First, concerning Frost's "The Road Not Taken," the speaker doesn't "have" literary devices, he "uses" literary devices.
And the central literary device he uses is extended metaphor. In literature, roads and journeys often symbolize the roads or journeys of life, and the speaker's use here is no exception. The road the speaker chooses to travel is metaphorically compared to the road he takes in life, and the road he chooses not to take is metaphorically compared to the road he does not take in life.
That said, the road the speaker chooses not to take is really the center of the poem itself. The poem is about regrets concerning missed opportunities. More specifically, the poem is about the speaker's obsession with missed opportunities. He is indecisive and regrets not being able to take both roads, even though doing so is impossible.
The speaker will tell the story years later, as a regret, a "sigh," perhaps a chuckle. He doesn't know what difference his choice of road will make, and the roads are pretty much the same, by his own admission:
Though as for that [there being a difference between the two roads], the passing there
Had worn them really about the same,...
But in the poem's present he can see himself, having obsessed over the difference for years, telling listeners that a great difference existed.

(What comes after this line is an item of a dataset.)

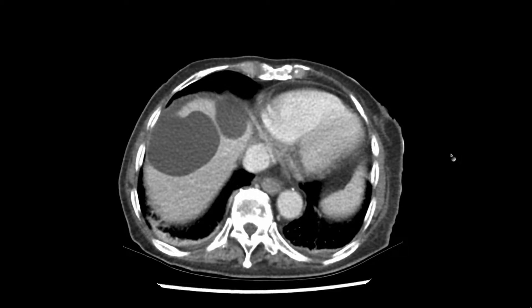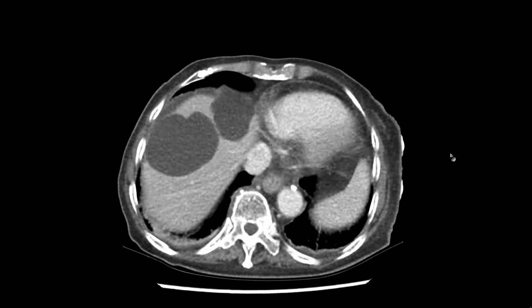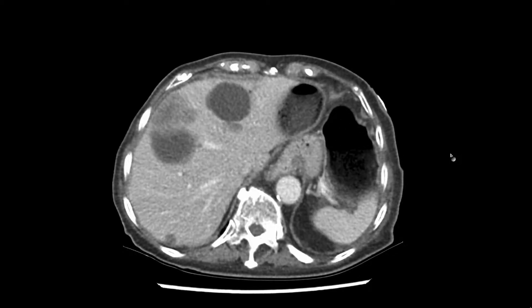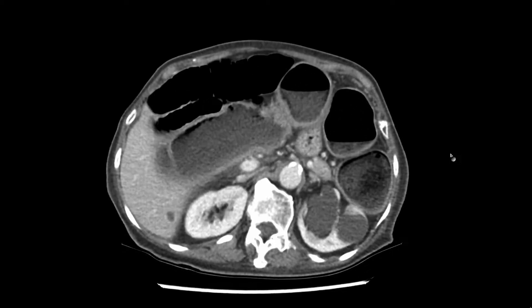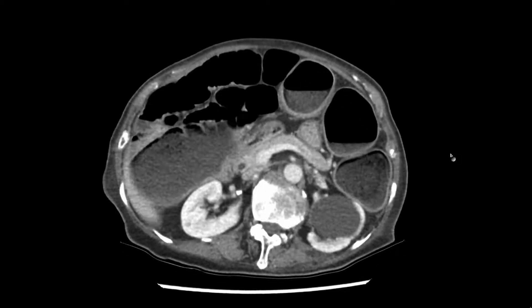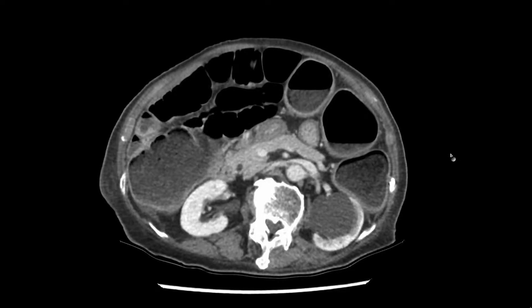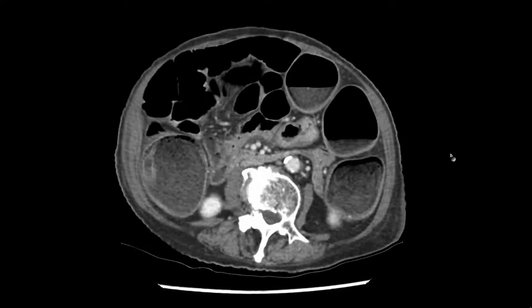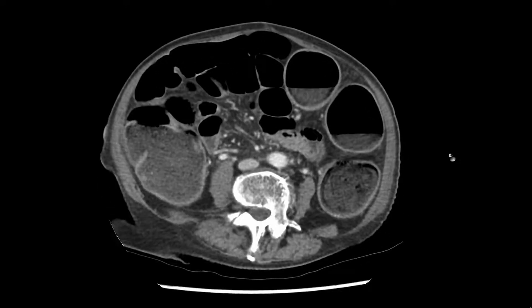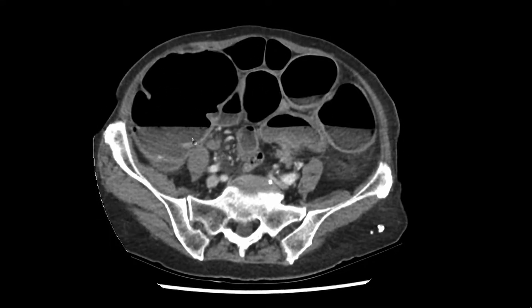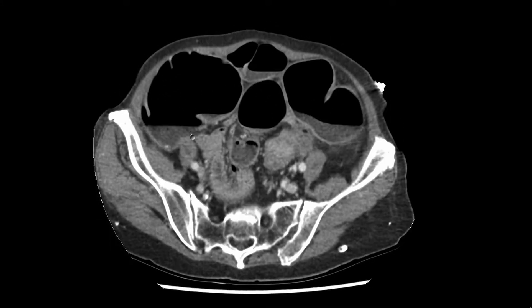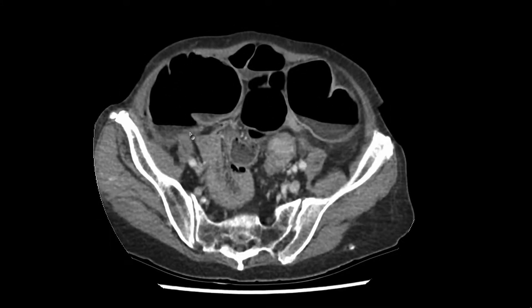This is a CT scan of the abdomen with IV contrast. Starting at the top, we scroll down. Immediately we see that there is abnormality of the large bowel, characterized by generalized distension containing multiple gas and fluid levels.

Concerning other literary devices, the enotes Study Guide on the poem says the following:
Frost composed this poem in four five-line stanzas with only two end rhymes in each stanza (abaab). The flexible iambic meter has four strong beats to the line. Of the technical achievements in “The Road Not Taken,” one in particular shows Frost's skill at enforcing meaning through form. The poem ends:
Two roads diverged in a wood, and I—
I took the one less traveled by,
And that has made all the difference.
The indecision of the speaker—his divided state of mind—is heightened by the repetition of “I,” split by the line division and emphasized by the rhyme and pause. It is an effect possible only in a rhymed and metrical poem—and thus a good argument for the continuing viability of traditional forms.